2. Reading lacks accessible open space, including football pitches, especially to the north.
3. Open space affects the wellbeing of us all and Reading Borough Council made a commitment not to lose any.
4. Caversham Trents Football Club, which has 450 members, reports that the football pitches at Mapledurham playing fields are used weekly to capacity by the boys’ and men’s teams and through growth of women’s and girls’ leagues.
5. More than 500 dog walkers visit the playing fields weekly and Mapledurham Lawn Tennis Club trebled use of its courts following Sport England’s Lottery investment in 2014.
6. At peak times, even with a closed pavilion, the car park is full to capacity and beyond.
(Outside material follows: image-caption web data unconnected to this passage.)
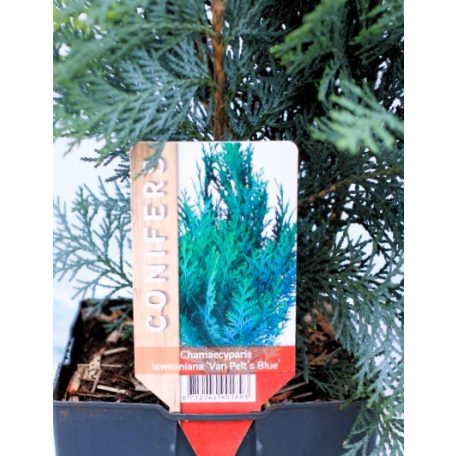 Kék hamisciprus Chamaecyparis lawsoniana Pelts Blue C2,5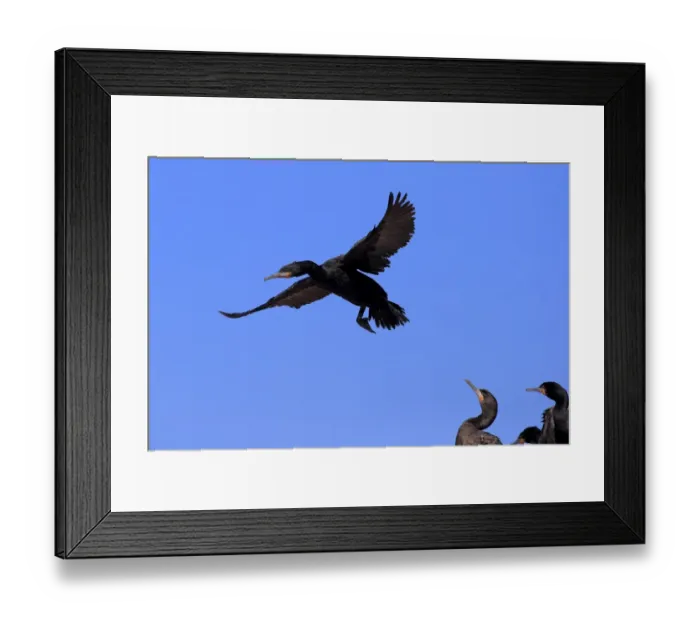 Framed Print : Cape Cormorant -Phalacrocorax capensis-, adult flying, landing, colony, Bettys Bay, Western Cape, South Africa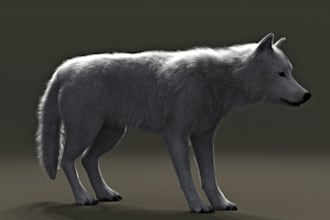 3d animal model realistic fur 3d xgen zbrush model, 3d print, blender maya model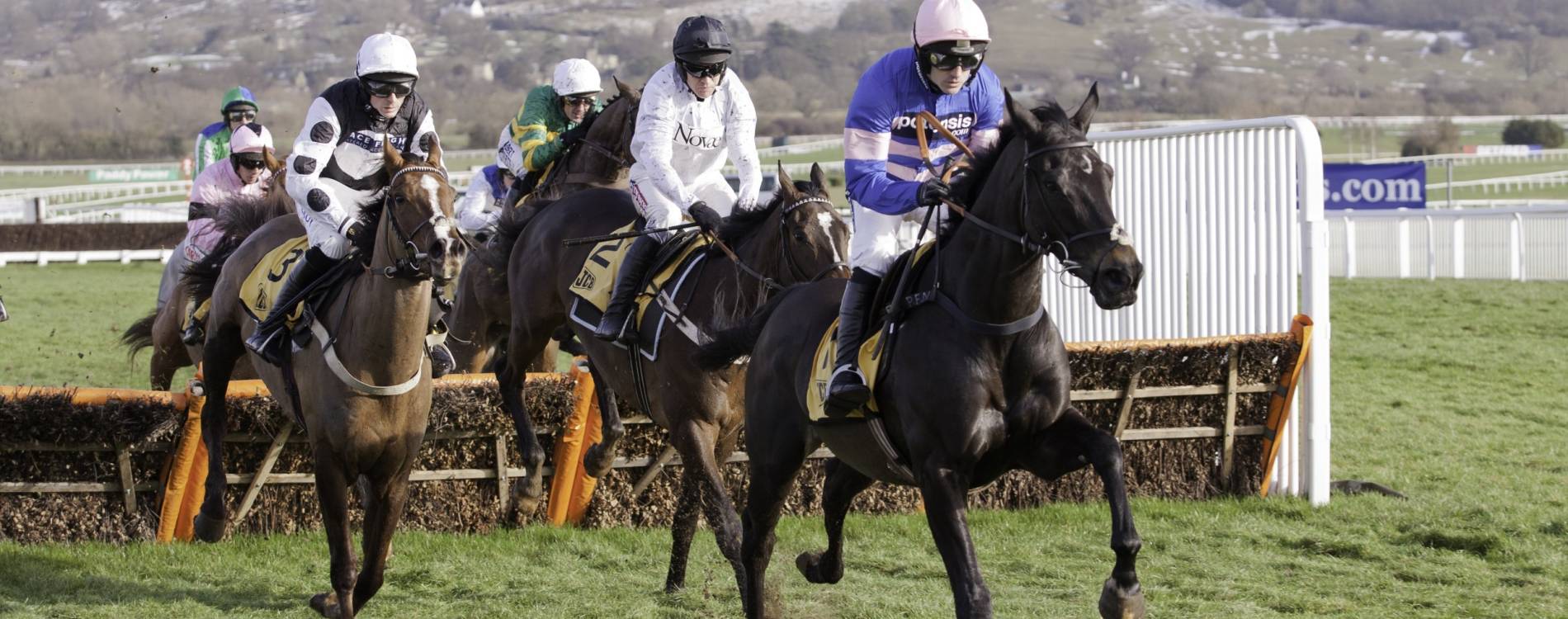 Horse tackle a fence at Festival Trials Day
7. The proposed school site would immediately reduce pitches, parking, access and accessibility for recreational users of the playing fields and is described by the council’s leisure department as unacceptable.
8. The proposed school site includes school rights over the remaining playing fields, car park and a pitch, to be upgraded and maintained from the £1.36million, further restricting public access.
9. Sport England, the Football Association and many other organisations have objected.
10. Although Mapledurham playing fields is 25 to 27 acres, the net open level space, including the playground, orchard and basketball court, is only around 16.3 acres. The 1.23-acre proposed school site and the 0.25-acre area cornered in by it represent a loss of at least nine per cent of the net open level area of the playing fields.
11. The £1.36million pledged for recreational investment is predicated on improvements required for the school. Under the 125-year lease, the playing fields trust retains responsibility for maintenance. Ground maintenance alone for the site is £30,000 per annum, hence the £1.36million over 125 years represents only £10,800 per annum. These sums simply do not add up.
12. The planning application refers to a 350-pupil school, the accompanying traffic study to a
420-pupil school and 50 full-time staff (for 20 parking spaces). The study suggests that the 76 per cent of parents who currently drive to school would drop to 23 per cent on relocation to the playing fields. The council’s transport report describes this as “too optimistic”.
13. Given the age of children, the weather, the fact that more than 85 per cent of primary school children live east of the A4074, the gradient and traffic of neighbouring roads and the school’s breakfast and after- school club arrangements, it seems completely unrealistic. Traffic created would exacerbate existing problems on the A4074 Oxford route and further restrict recreational users’ access to Mapledurham playing fields, impacting on the viability of the pavilion when it is
14. It can always be claimed there are “exceptional” reasons to build. Once the precedent has been set and land hived off for non-recreational use, Mapledurham playing fields will be forever vulnerable, particularly if the school needs to expand or secondary school places are required.
15. A Deed of Dedication will not protect the playing fields where its status as a recreational trust and the borough council’s own planning policy have failed. Council leader Jo Lovelock confirmed that she could not guarantee there will be no future development. All our so-called “protected” open space is at risk.
16. There are better alternatives for the school that don’t involve the loss of important recreational space or playing fields.
17. The Fit4All proposal would preserve Mapledurham playing fields without the need to sell land and enhance the recreation and leisure facilities in a sustainable way. Once green space is gone, it is gone forever.
18. Where will future generations go to play football or hang out with their friends? Young and old need open space.